Your answer must be the lines from the one containing "Boks aktif genç" through the last line of the records below, copied exactly, with the pictures left out.
-------- Dataset entries --------
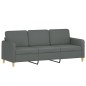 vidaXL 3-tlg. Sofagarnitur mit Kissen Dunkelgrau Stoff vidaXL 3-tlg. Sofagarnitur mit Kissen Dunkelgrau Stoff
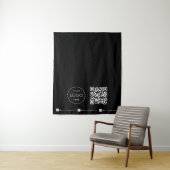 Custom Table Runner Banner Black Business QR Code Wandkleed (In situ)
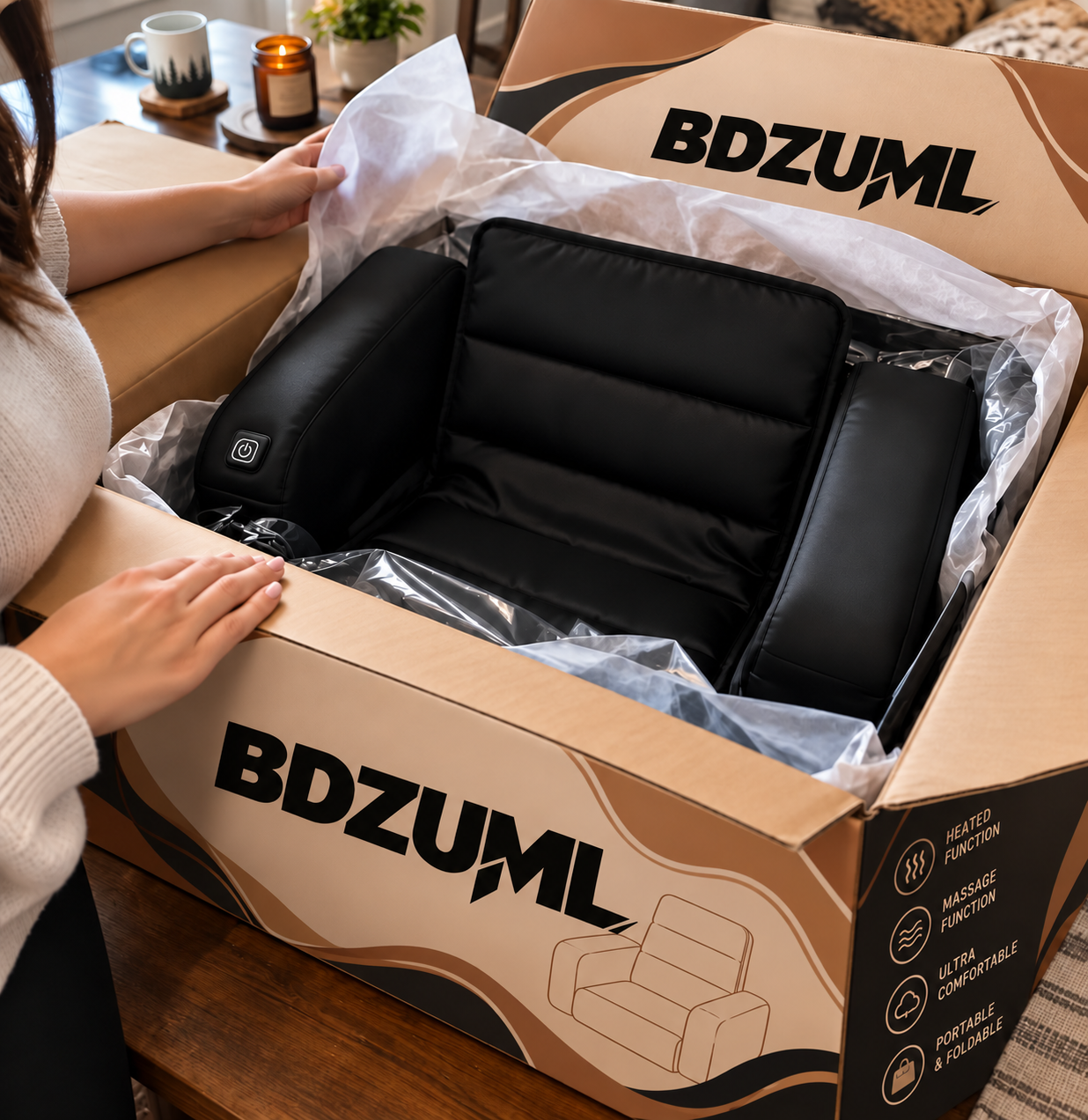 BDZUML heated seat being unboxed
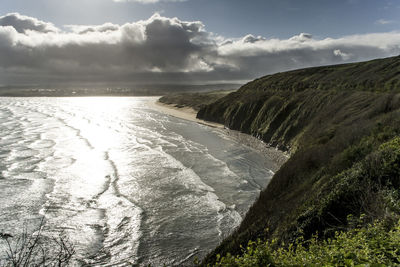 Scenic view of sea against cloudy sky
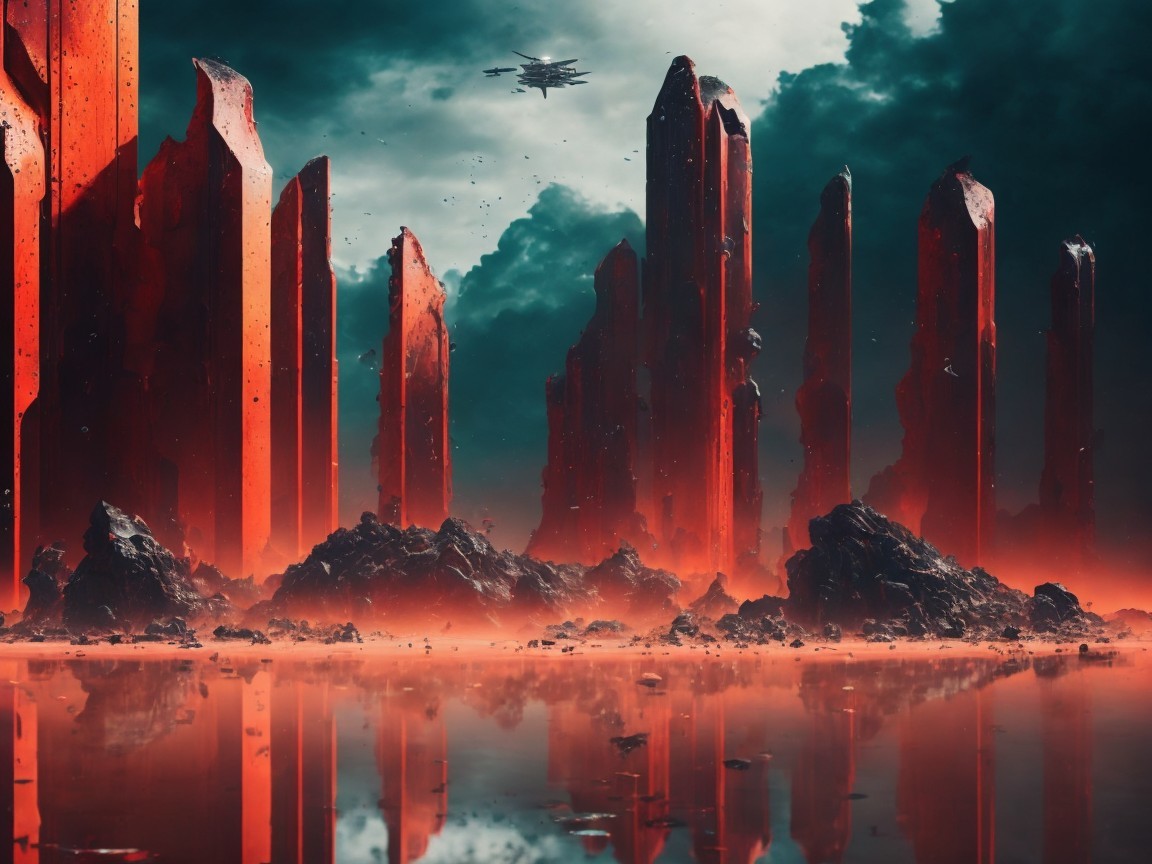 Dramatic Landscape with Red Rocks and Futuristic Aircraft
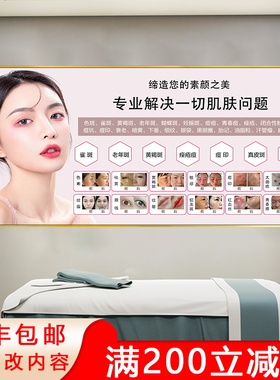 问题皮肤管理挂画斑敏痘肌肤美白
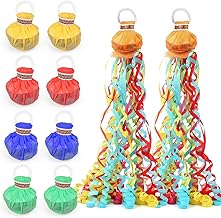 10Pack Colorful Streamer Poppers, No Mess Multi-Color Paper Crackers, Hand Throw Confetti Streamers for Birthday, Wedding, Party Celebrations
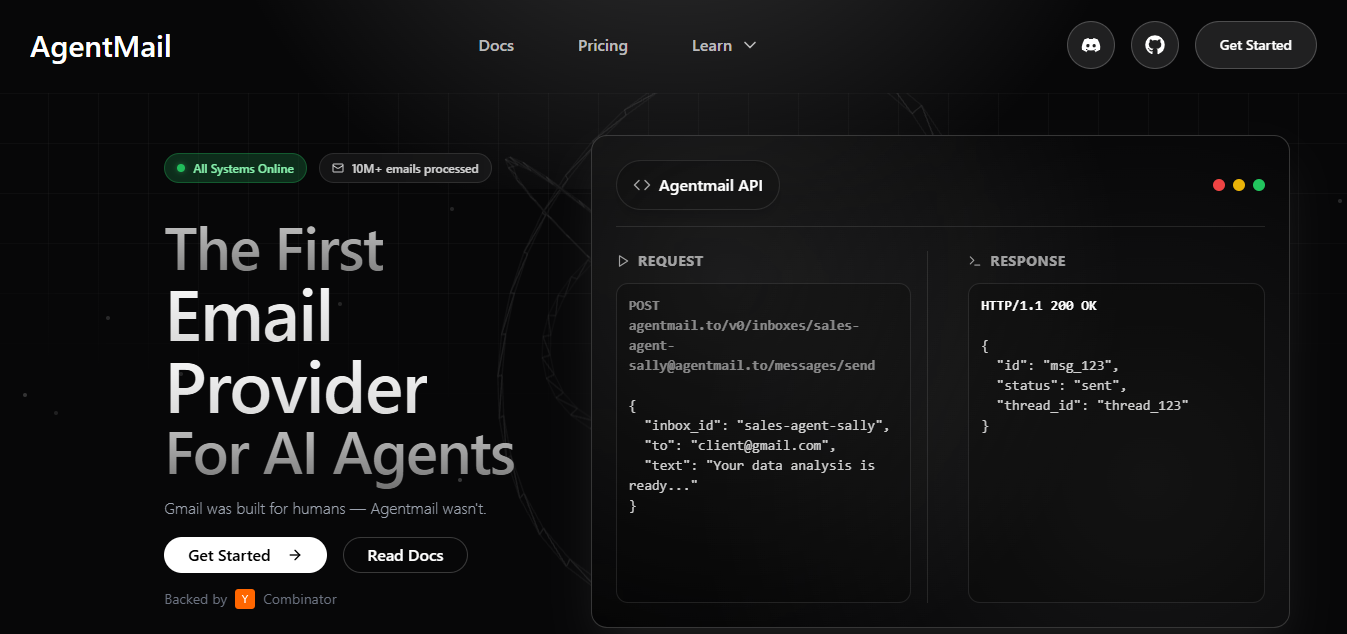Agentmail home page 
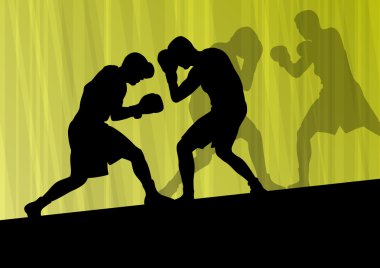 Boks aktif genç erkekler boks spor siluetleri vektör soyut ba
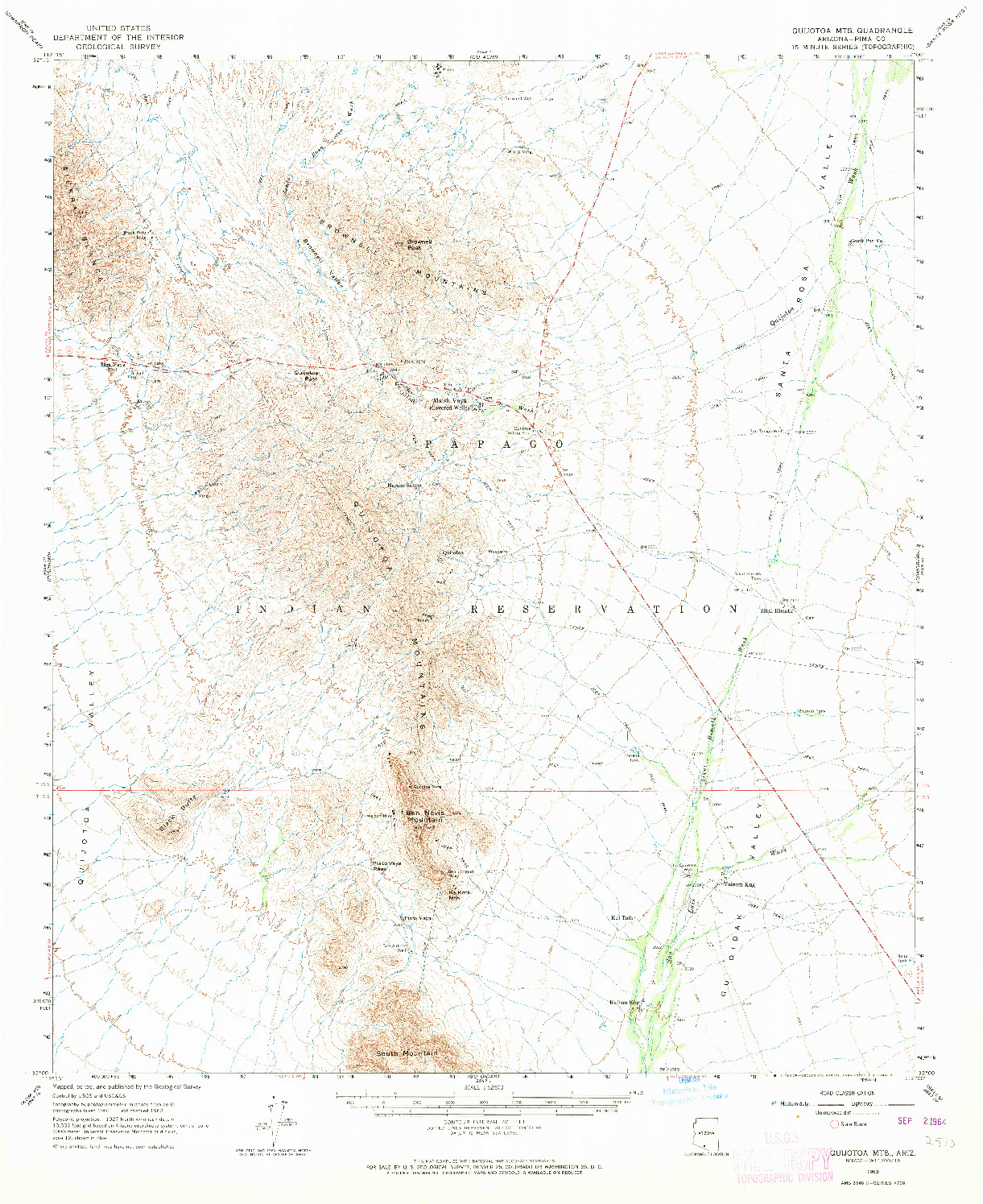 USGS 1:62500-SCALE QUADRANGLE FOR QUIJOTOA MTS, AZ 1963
--------
- [Result of this task]
 Boks aktif genç erkekler boks spor siluetleri vektör soyut ba
 USGS 1:62500-SCALE QUADRANGLE FOR QUIJOTOA MTS, AZ 1963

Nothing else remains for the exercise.